- _ABOUT THIS EXERCISE_: All pictures are to be dropped, and everything else in the data duplicated exactly.

- _STORED DATA_:
+++

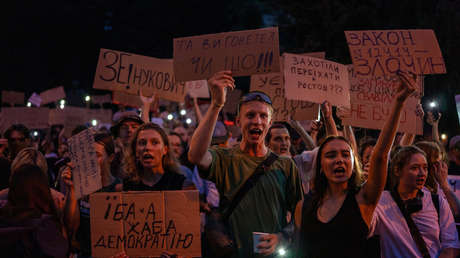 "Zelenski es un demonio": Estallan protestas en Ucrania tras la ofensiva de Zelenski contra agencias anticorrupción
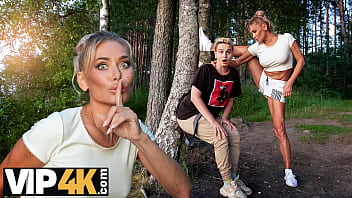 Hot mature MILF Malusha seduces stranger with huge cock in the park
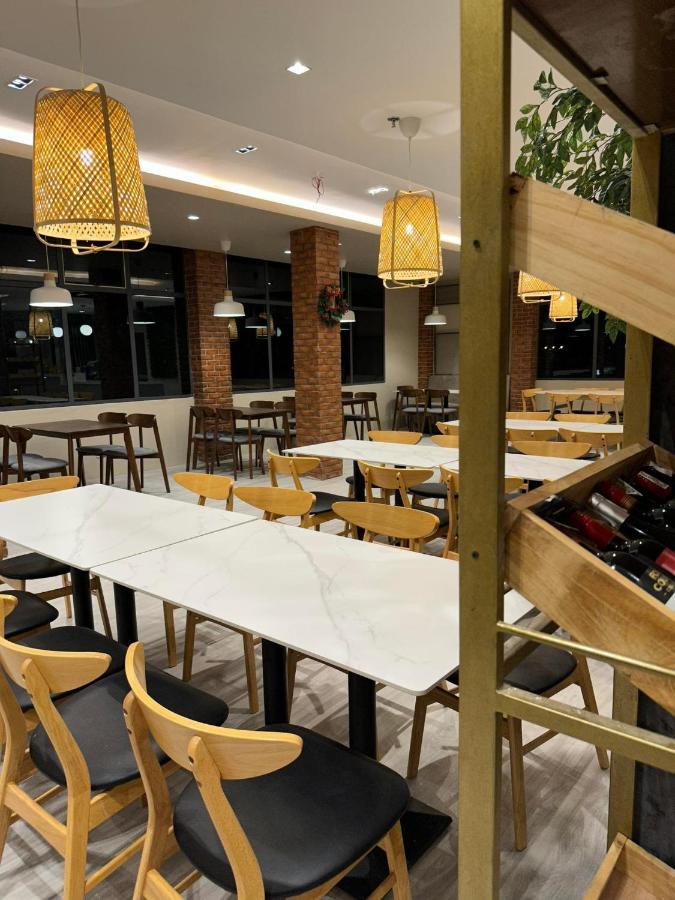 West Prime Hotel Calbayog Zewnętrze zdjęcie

+++

- _WRITTEN ANSWER_:
 "Zelenski es un demonio": Estallan protestas en Ucrania tras la ofensiva de Zelenski contra agencias anticorrupción
 Hot mature MILF Malusha seduces stranger with huge cock in the park
 West Prime Hotel Calbayog Zewnętrze zdjęcie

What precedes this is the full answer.